= California Social Housing Act =

The California Social Housing Act is a proposed California bill to establish an independent statewide housing authority, known as the California Housing Authority, to acquire land for, develop, own and maintain public housing. The bill is authored by Alex Lee and was first introduced to the 2021–2022 session of the California State Legislature. In the 2023–24 session, the bill was passed by the legislature, but was vetoed by Governor Gavin Newsom on budgetary grounds.
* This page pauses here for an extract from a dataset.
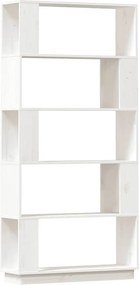 vidaXL fehér tömör fenyőfa könyvszekrény/térelválasztó 80x25x163,5 cm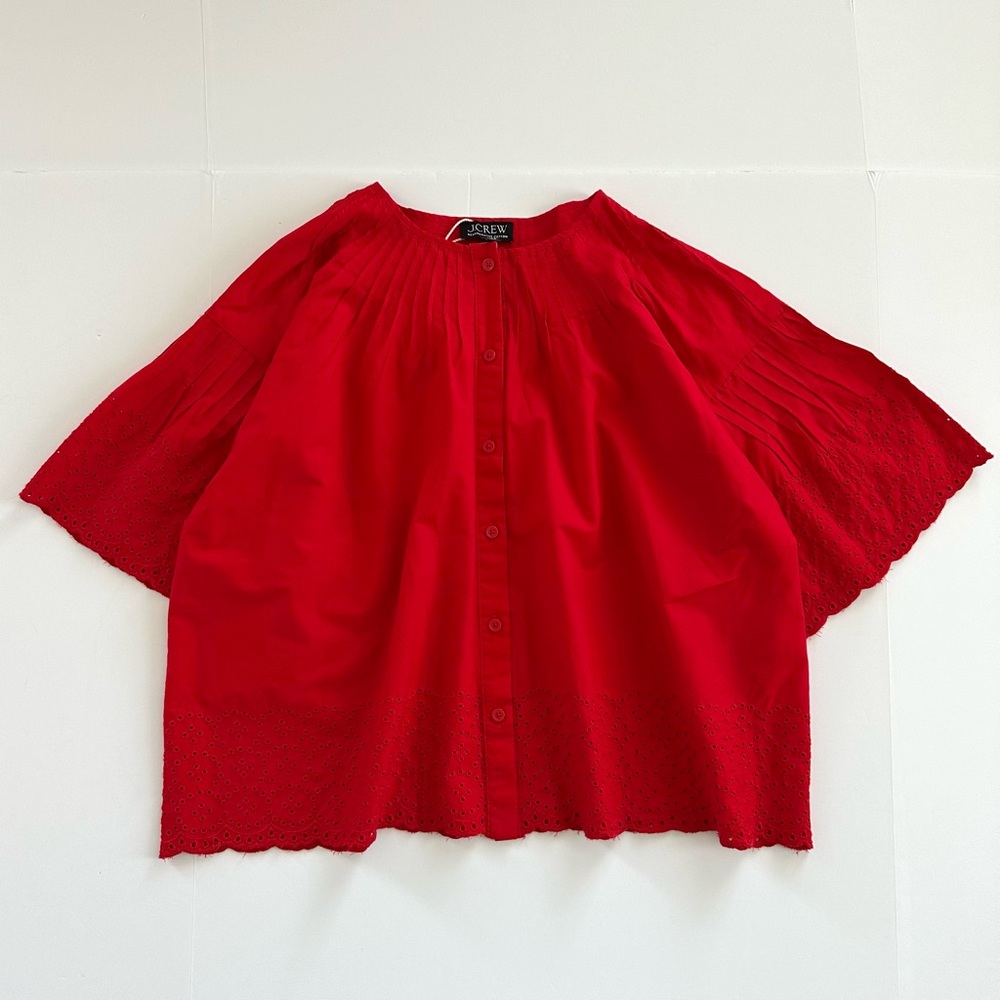 J.Crew Jolie Top in Eyelet Cotton Poplin in Vintage Red | XL | NWT - Picture 3 of 14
Lee re-introduced the bill in the 2025–26 session.

== Background ==

Multiple laws have been passed since 2010 to preempt local zoning laws and ease private developments of housing and reduce the statewide housing shortage, especially under the governorships of Jerry Brown and Gavin Newsom. Several of these laws contain mandates and incentives for private development of affordable or subsidized housing.

The proposal for a statewide housing authority was inspired by the models for social housing in Singapore and Vienna, Austria.

== Provisions ==
The Social Housing Act would define social housing as all housing owned by a government entity such as the California Housing Authority, a public entity or a local housing authority, and made available to a range of household incomes ranging from extremely low income to above moderate income. It would create the California Housing Authority as an independent state body tasked to acquire land for, develop, own and maintain public housing. The Authority would be headed by a Board consisting of both members appointed by selected government officials as well as members elected by residents of social housing developments. The bill would require the Authority to employ two separate leasing models - the rental model and ownership model, and would prohibit the Authority from selling

The bill would require the Authority to prioritize acquisition or re-acquisition of the following parcels:

- excess state-owned parcels
- parcels near transit
- Underutilized parcels or redevelopment of underutilized parcels with affordability covenants or rent-controlled units
- Parcels at risk of becoming unaffordable or at the end of their affordability covenants
- Parcels with affordability covenants or rent control units in danger of losing affordability status

== Legislative history ==

=== Initial versions ===
The bill (AB 387) was first introduced in 2021 to define social housing and create a California Social Housing Council as an advisory body within the California Business, Consumer Services and Housing Agency. The bill died in the Assembly Committee on Housing and Community Development. In 2022, the bill (AB 2053) was significantly expanded to establish a California Housing Authority and was passed in the Assembly but died in the Senate Governance and Finance Committee.

=== AB 309 (2023) ===
The 2023 version (AB 309) originally retained most of the language of the 2022 version, but was significantly amended in committee to remove the provisions regarding the Housing Authority, instead establishing a Social Housing Program in the California Department of General Services. The revision would have allowed local governments to propose or revise proposed objective design standards for housing while prohibiting local governments from denying approval of developments authorized under the program. The bill was passed with amendments by the Senate on September 14, 2023, and was concurred by the Assembly on the same day.

Newsom vetoed AB 309 on October 7, 2023. In his veto message, Newsom cited his signature of SB 561 and AB 2233 to codify a 2019 executive order requiring the California Department of General Services to create a digitized inventory of excess state-owned properties and collaborate with the HCD and CalHFA to identify sites on state-owned parcels available for affordable housing. He also cited the potential cost of capital expenditures, and objected to the provision allowing local government review of proposed developments.

=== Later bills ===
The bill was reintroduced in its original 2022 form in 2024 (AB 2881) and was supported in the Assembly Committee on Housing and Community Development, but died in the Assembly Appropriations Committee. The bill was reintroduced in 2025 (AB 11).

== Related legislation ==

=== SB 555 (2025) ===
Another bill, the Stable Affordable Housing Act of 2023 (SB 555, Wahab), was signed into law by Newsom on October 7, 2023. The law requires the Department of Housing and Community Development to complete a California Social Housing Study by December 31, 2026.